Bush reiterated that Hezbollah started the crisis on July 12 when "the terrorist group Hezbollah" launched its raid into Israel that led to the kidnapping of two soldiers. Israel than began its offensive and Hezbollah rocketed Israeli targets.
"I believe sovereign nations have the right to defend their people from terrorist attack, and to take the necessary action to prevent those attacks," Bush said, also emphasizing that "we have called on Israel to continue to exercise the greatest possible care to protect innocent lives."
Bush said the United States is concerned over how the warfare will affect Lebanon's "young democracy" and he hopes Secretary of State Condoleezza Rice will make strides in her diplomatic efforts next week in her trip to the Middle East and Europe.

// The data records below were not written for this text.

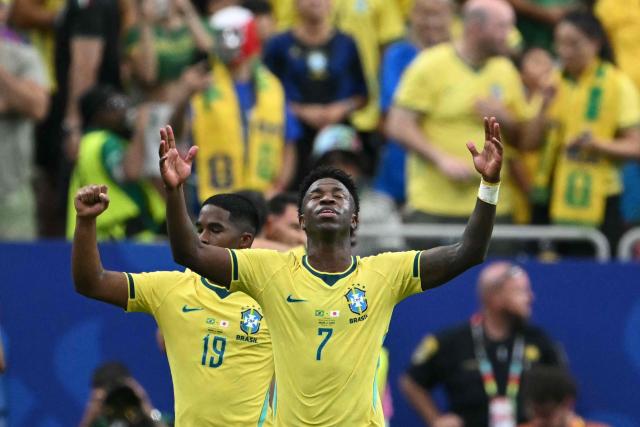 Brazil's forward #07 Vinicius Junior celebrates his team's second goal during the 2026 World Cup round of 32 football match between Brazil and Japan at the Houston Stadium in Houston on June 29, 2026.  (Photo by RONALDO SCHEMIDT / AFP)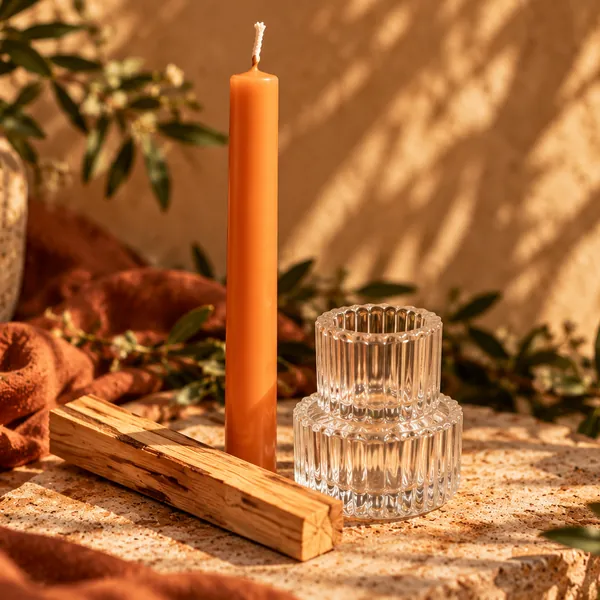 Release & Renew Ritual Kit: an orange taper candle, a ribbed glass candle holder and a palo santo stick in warm sunlight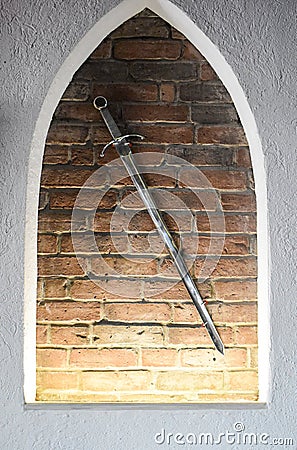 Medieval steel sword against the brick wall background. Ancient shining sword used as decoration Stock Photo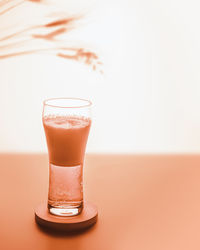 Select focus composition with glass filled with light beer with foam on sunset summer background 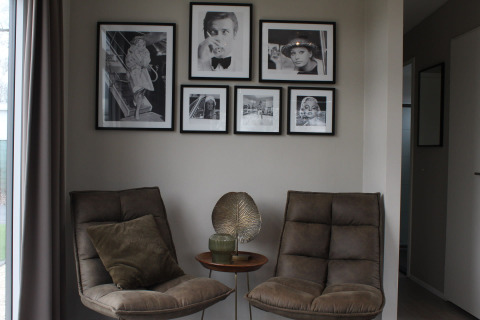 Deux fauteuils confortables et une petite table avec décoration, encadrés par des photos noir et blanc au mur.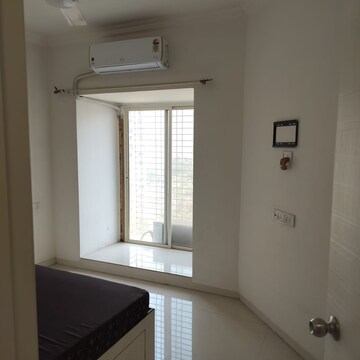 Living Room in Studio Apartment at Royal Palms, Goregaon East – for Rent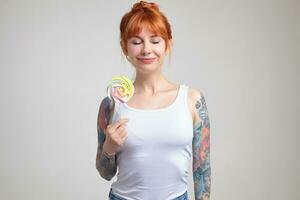 Indoor portrait of young ginger female posing over white wall holding big colorful candy and smiles photo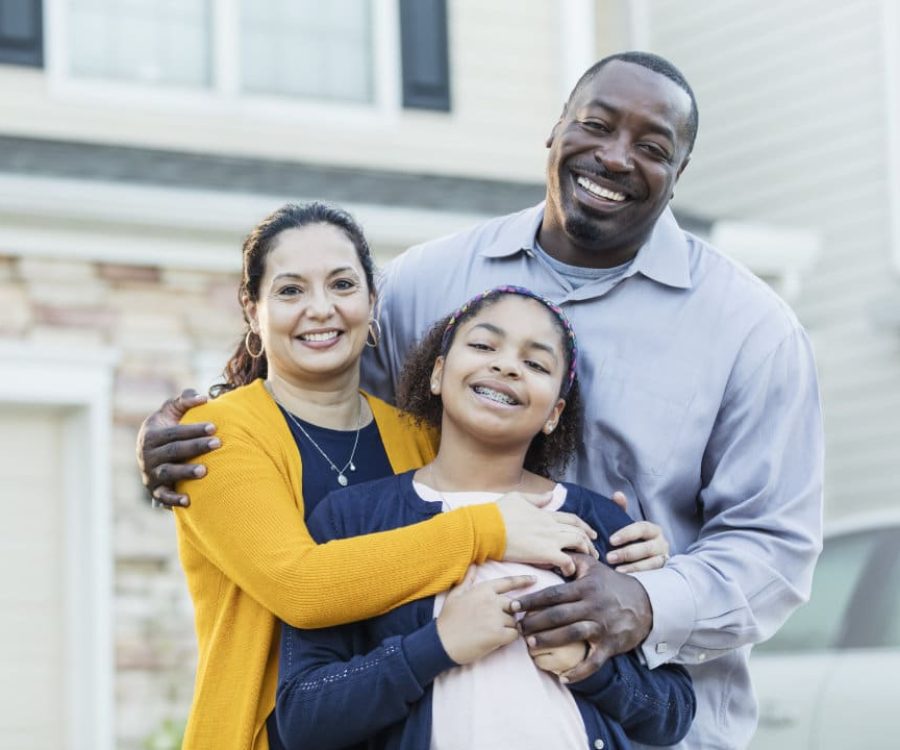 An 11 year old mixed race Hispanic and African-American girl standing with her parents outside their home. Mom is a mature Hispanic woman and dad is a mature African-American man. They are both in their 40s, happy and proud of their daughter.  All are smiling at the camera.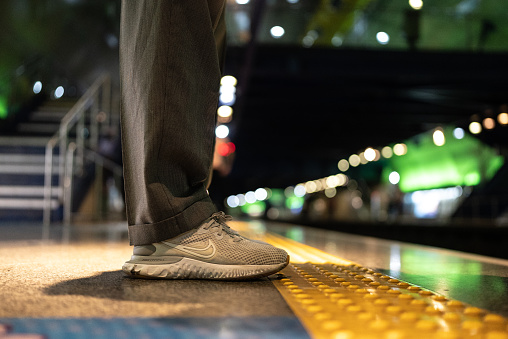 Person's legs waiting for the train in the subway station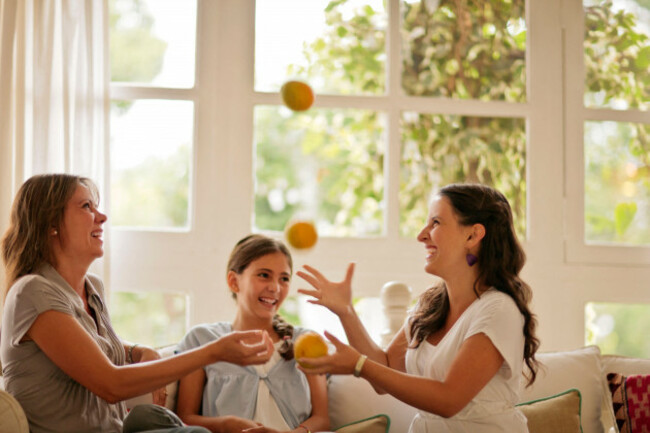 two-sisters-and-their-mother-laughing-together-on-sofa-while-the-older-sister-juggles-fruit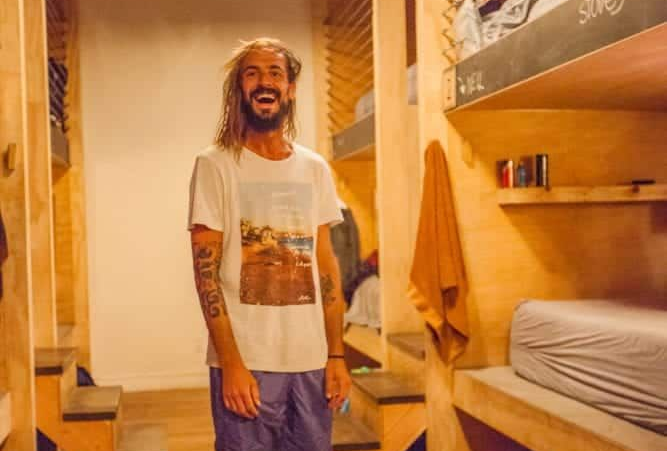 Man standing in a warm-lit bunk room with wooden bunks, bedsheets, and a towel on the wall.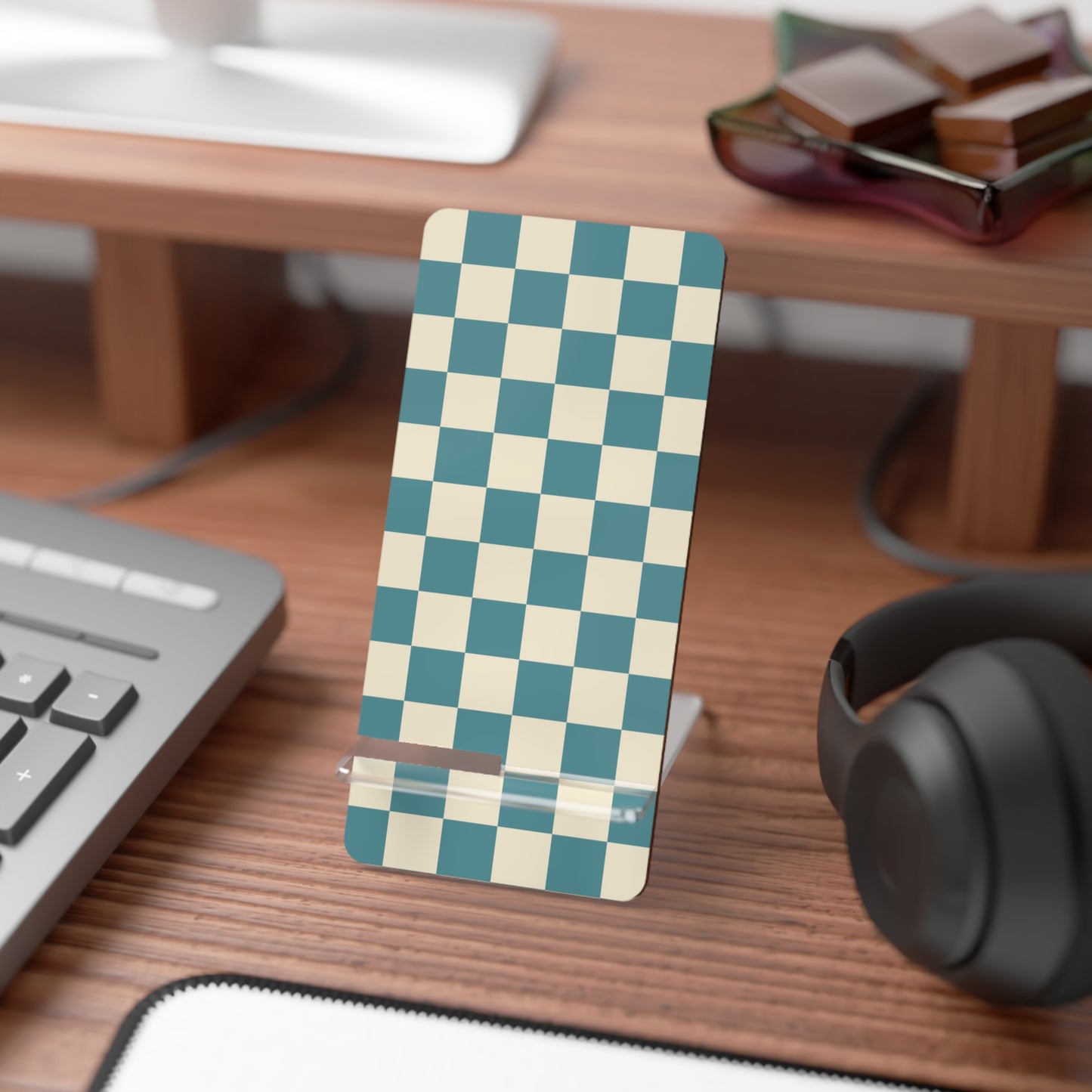 Checkered phone stand on a desk with keyboard, mouse, and headphones.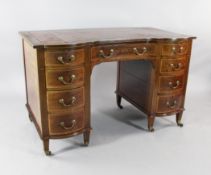 An Edwardian mahogany inverted breakfront desk, the single drawer between bow end doors, on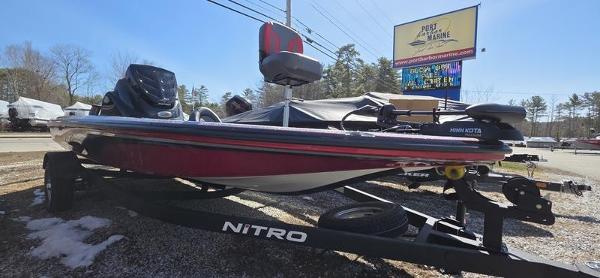 Nitro Z17 2025 Nitro Z17 boat on trailer, parked outdoors near dealership sign.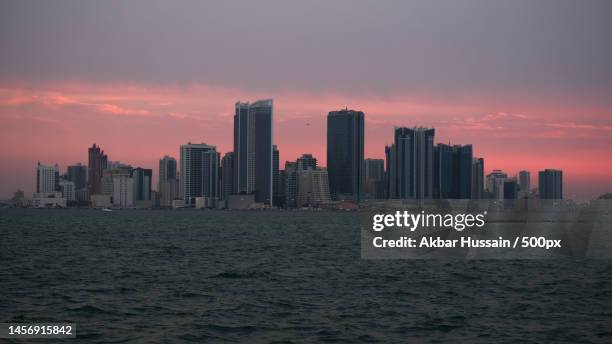 scenic view of sea and buildings against sky during sunset,bahrain - bahrain business stock pictures, royalty-free photos & images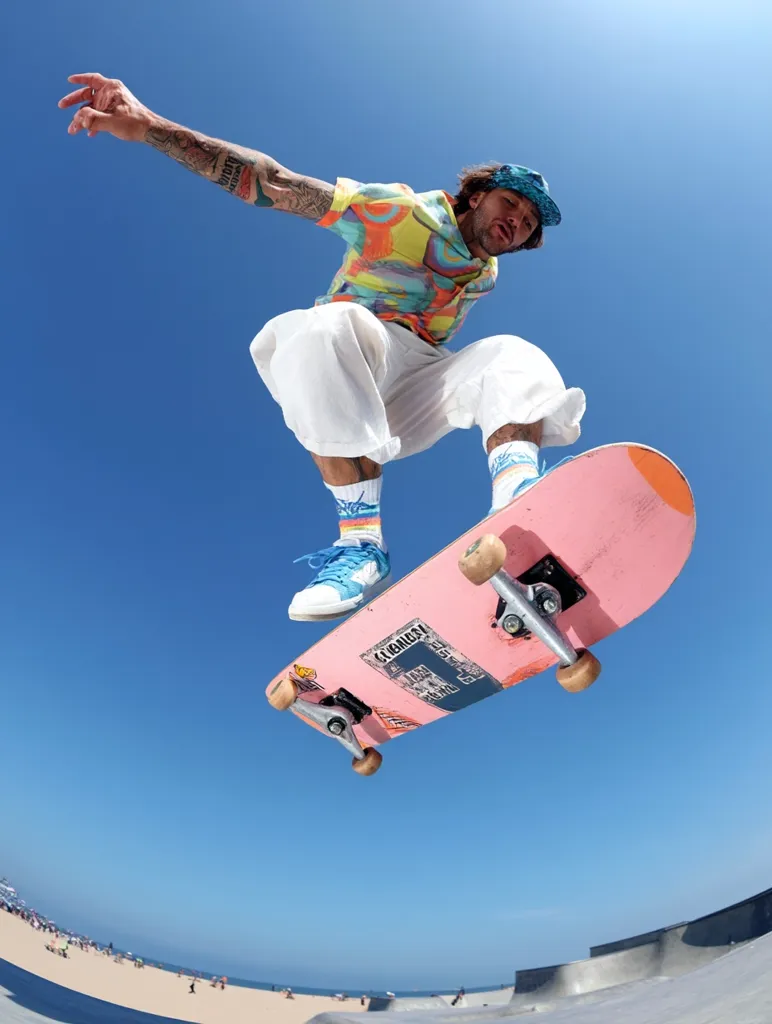 A skateboarder, wearing a vibrant patterned shirt and white pants, executes a stylish aerial maneuver over a skate park.  The bright pink skateboard is in sharp focus against the clear blue sky.  A beach is visible in the background, adding to the sunny, energetic atmosphere of the image.  The skater's tattoos are partially visible, contributing to a sense of individuality and freedom.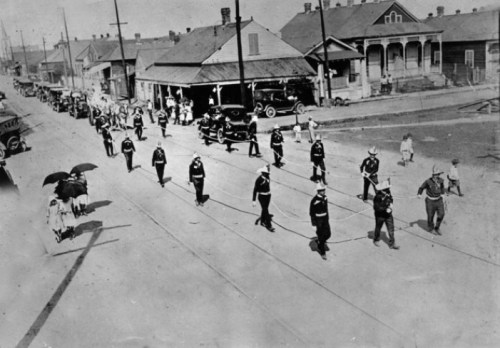 A historic black-and-white photo of a parade with uniformed marchers and spectators along a street.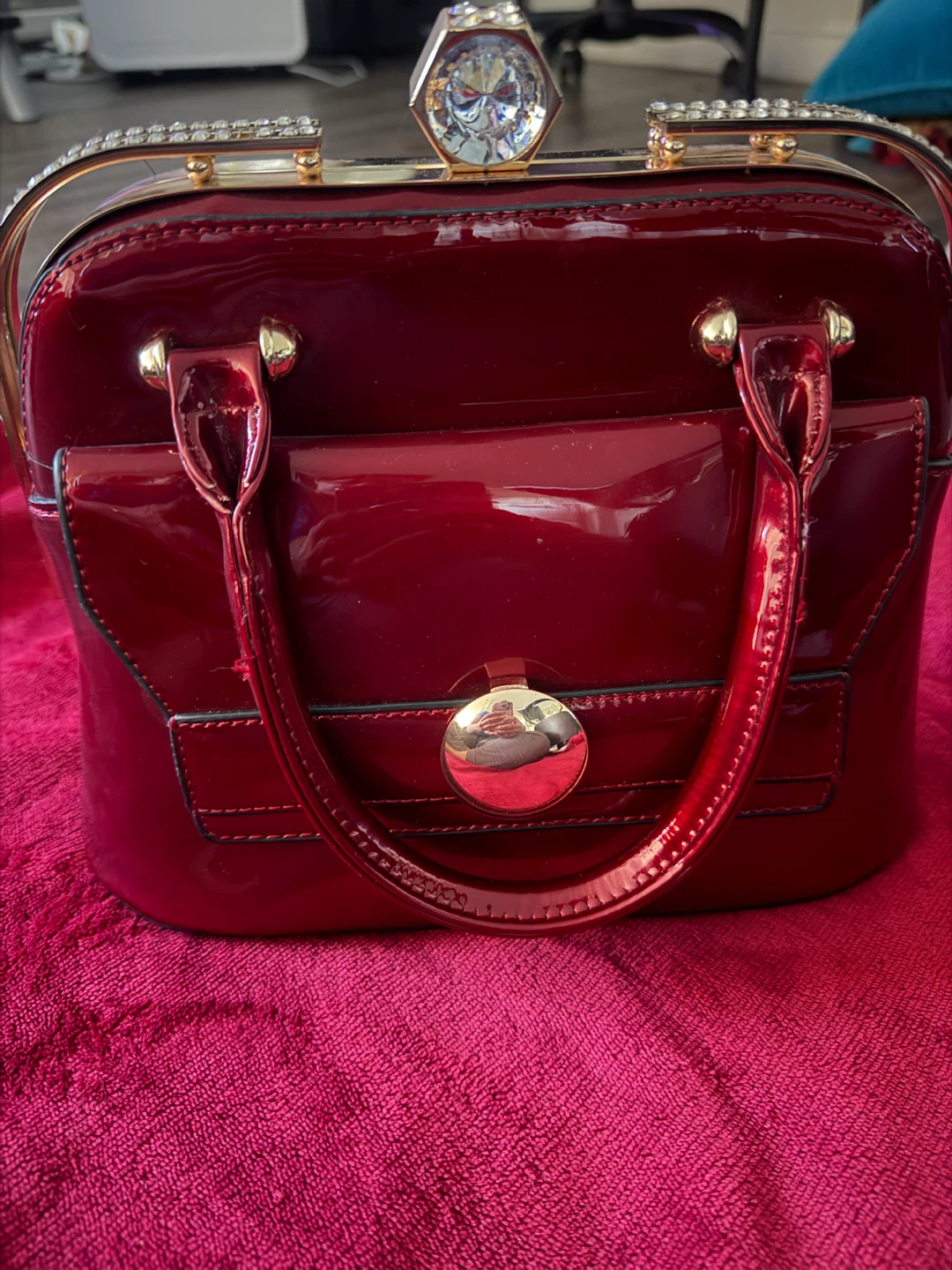 Red patent leather handbag with rhinestone accents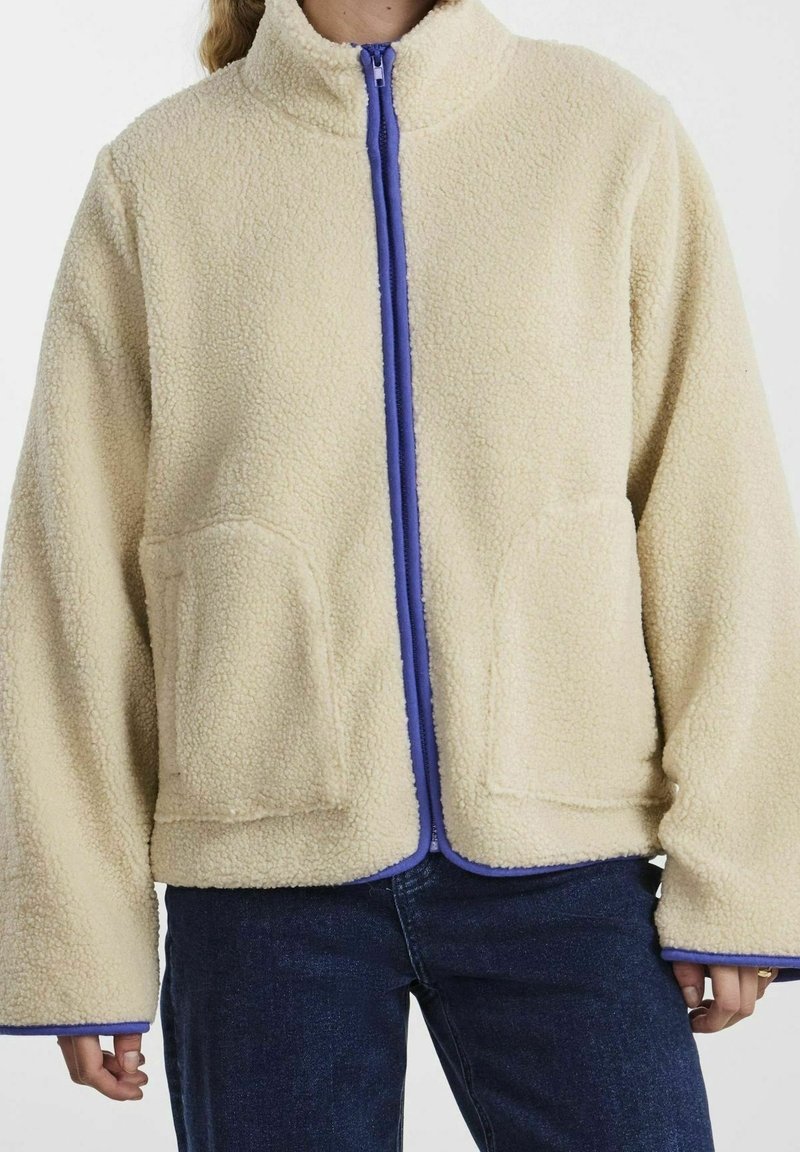 Personne portant une veste polaire couleur crème avec une fermeture éclair et des finitions violettes, associée à un jean bleu foncé, visible du cou jusqu'aux hanches.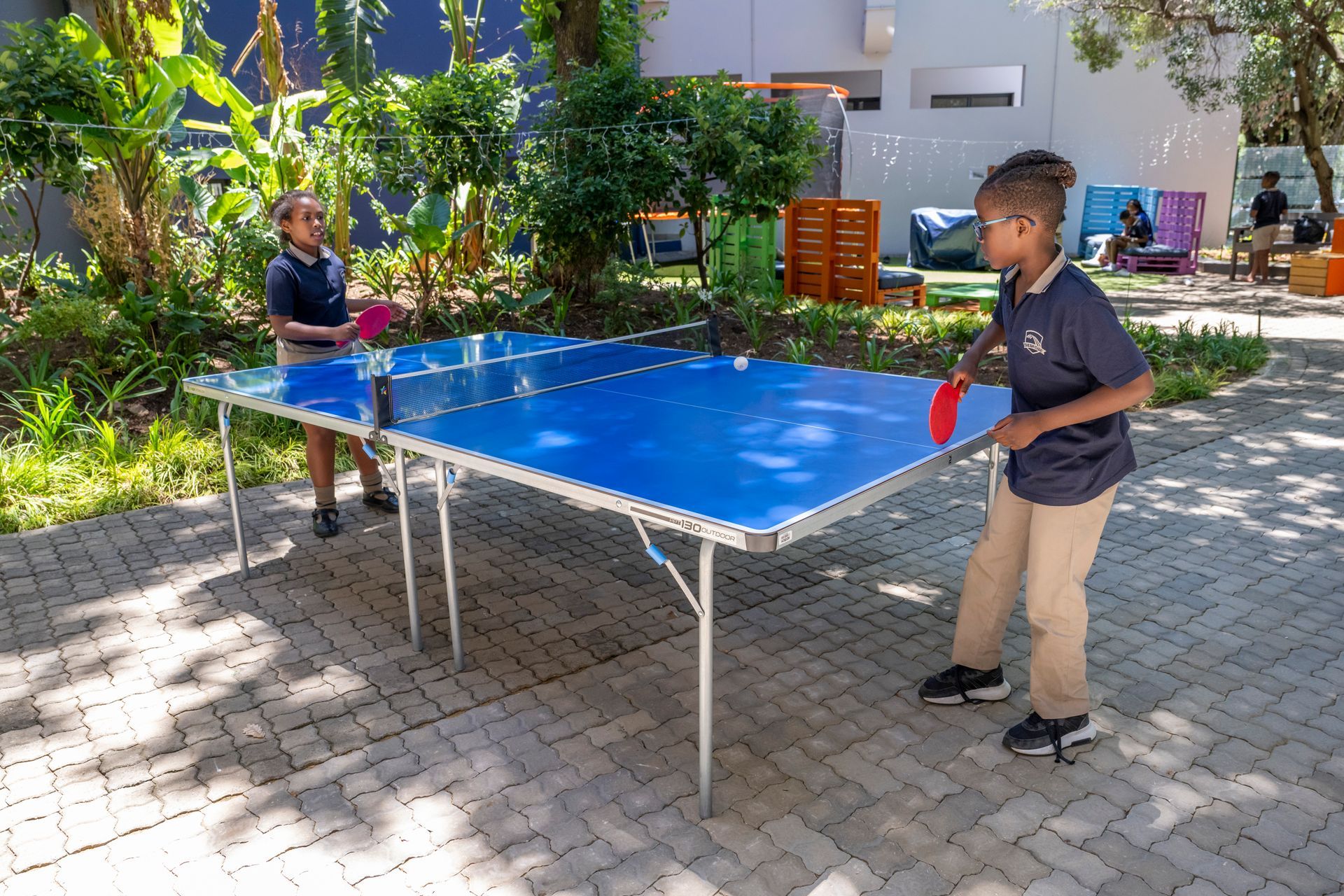 Two children playing table tennis outdoors.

"This is a difficult and trying time for the people of Lebanon. Hezbollah's practice of hiding rockets in civilian neighborhoods, and its efforts to undermine the democratically elected government have shown it to be no friend of Lebanon.
"By its actions, Hezbollah has jeopardized Lebanon's tremendous advances and betrayed the Lebanese people."
Rice said Friday that a quick cease-fire "will be a false promise if it returns us to the status quo." She added that Hezbollah is the source of the problem in Lebanon and must be disarmed.
"We must work urgently to create the conditions for stability and lasting peace," Rice said.
Rice will visit Israeli Prime Minister Ehud Olmert in Israel and Palestinian President Mahmoud Abbas in the West Bank. She will also attend a meeting in Rome, Italy, of Lebanese diplomats.
"It is important to remember that the cause of the current violence was Hezbollah's illegal attack from Lebanese territory," she said.
"It is unacceptable to have a situation where the decision of a terrorist group can drag an entire country, even an entire region, into violence."
Rice said Arab nations, including Saudi Arabia, Egypt and Jordan, had been critical of Hezbollah's "provocation."
"What we're seeing here, in a sense, is the growing -- the birth pangs of a new Middle East. And whatever we do, we have to be certain that we are pushing forward to the new Middle East, not going back to the old one."
A framework accompanied by "some kind of international assistance, perhaps significant international assistance" must be created to "push forward" the sovereignty of the Lebanese government and the deployment of Lebanese forces in the south, she said.